The manufacturing method of Embodiment 2 is the same as that of Embodiment 1 except the process of forming the second gate insulating film 10 (the gate nitride film). That is, in Embodiment 2, the steps shown by FIGS. 3A and 3B are conducted in this order, subsequent to the steps shown by FIGS. 1A to 1D, 2E and 2F in Embodiment 1.

In Embodiment 2, the steps shown by FIG. 3A and 3B are conducted instead of the steps shown by FIGS. 2G and 2H in Embodiment 1. These steps will be specifically described below with reference to FIG. 3A and 3B.

Also in Embodiment 2, the steps shown by FIGS. 1A to 1D, 2E and 2F are conducted. Thus, since the first gate insulating film 6 is protected by the protective film 7, the reduction of the thickness of the first gate insulating film 6 is suppressed in the process of removing the photoresist 8 for the transfer channel formation (see FIG. 2E to 2H) also in Embodiment 2.

The thickness of the protective film 7 (see FIG. 2E to 2H) is actually reduced in these steps, but the amount of the reduction is smaller than that of the first gate insulating film 84 in the step of FIG. 9F, similarly to Embodiment 1. Thus, the manufacturing method of Embodiment 2 also can develop the tolerance for the in-process discrepancies and can ease the limitation on the number of the ion-implantations to be conducted.

Next, as shown in FIG. 3A, the protective film 7 is removed by wet etching using an etching solution that has remarkably high selectivity with respect to the first gate insulating film 6 (that is, having a higher etch rate with respect to the protective film 7 than with respect to the first gate insulating film 6). More specifically, an etching solution is used that provides an etch rate of 50 nm/min with respect to the silicon nitride film (the protective film 7), and an etch rate of 0.05 nm/min with respect to the silicon oxide film (the first gate insulating film 6).

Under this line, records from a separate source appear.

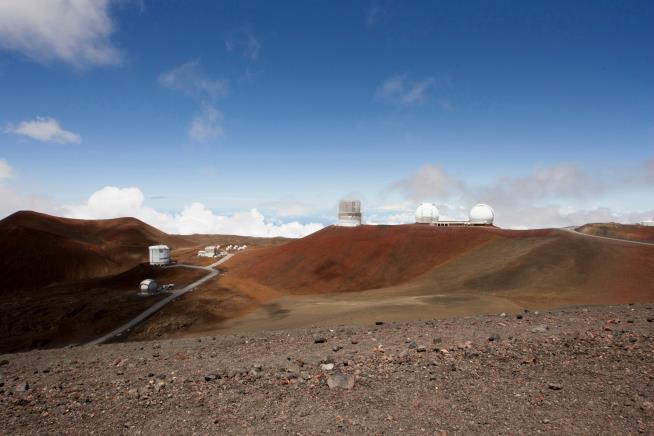 At Sacred Hawaii Peak, a Massive Telescope Is Going in
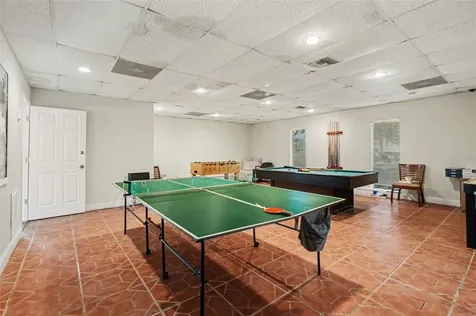2845 Somerset Park Drive Tampa FL 33613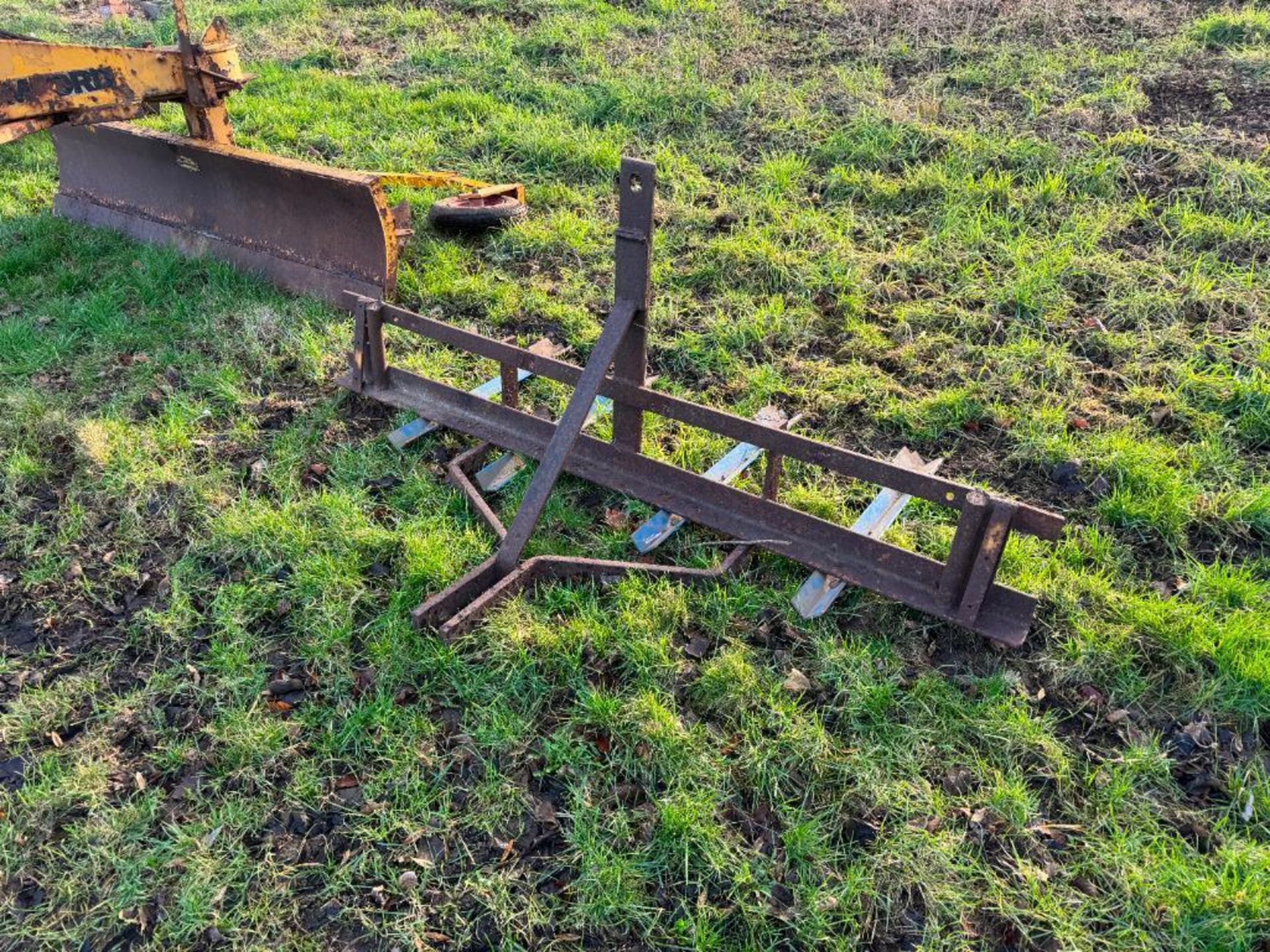 Farm-made 6ft 4 row seed line marker - Image 3 of 4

Examples of such an etching solution include an etching solution containing phosphoric acid as a main component. In the step of FIG. 3A, the thickness of the first gate insulating film 6 is reduced by the etching solution. However, in the case of using the etching solution containing phosphoric acid as a main component, the thickness of the first gate insulating film 6 is reduced by only 0.1 nm or less in one etching process, and the removal of the protective film 7 is generally conducted only once through the whole manufacturing process. Therefore, the amount of the reduction of the thickness of the first insulating film 6 in the step of FIG. 3A is sufficiently small in comparison with that of the protective film 7 in Embodiment 1, and thus does not affect the control of the total thickness of the gate insulating films or the unevenness of the thickness.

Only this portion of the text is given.